The Virginia Chapter of the Sierra Club, the Southern Environmental Law Center and the Chesapeake Climate Action Network say they’ve spent months and years laying the groundwork for the passage of such bills. Last week, Gov. Ralph Northam announced full-throated support for the legislation that would require coal ash ponds in the Chesapeake Bay watershed to be excavated and the ash placed in modern, lined landfills or safely recycled.

Dominion spokesman David Botkins said that years ago when the ponds were built there were no rules for lining them. As for any contamination, he said, “We are developing a corrective action plan to resolve those issues. There is no impact to any local communities or drinking water wells at any of the sites.”

Dominion has explored a number of options for closing its ponds in a safe and environmentally responsible manner, he said. In December, at the General Assembly’s request, it presented a report on those options, which include excavation and recycling, and now awaits guidance from lawmakers.
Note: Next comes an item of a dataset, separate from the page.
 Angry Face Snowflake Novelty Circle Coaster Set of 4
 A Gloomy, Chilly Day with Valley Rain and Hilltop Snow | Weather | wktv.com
Other options include containment walls or pump-and-treat systems, but Benforado cautioned that such systems would have to be operated and maintained indefinitely and are at risk of equipment failure, human error and storms or hurricanes.

Meanwhile, utilities in North Carolina, South Carolina and Georgia are safely and cost-effectively excavating millions of tons of their coal ash and storing it in modern landfills, he said, while recouping much of their costs by selling some of it for use in concrete and cement.“Recycling is an important part of a long-term, permanent solution,” Benforado said. “There is a demand for Dominion’s ash.”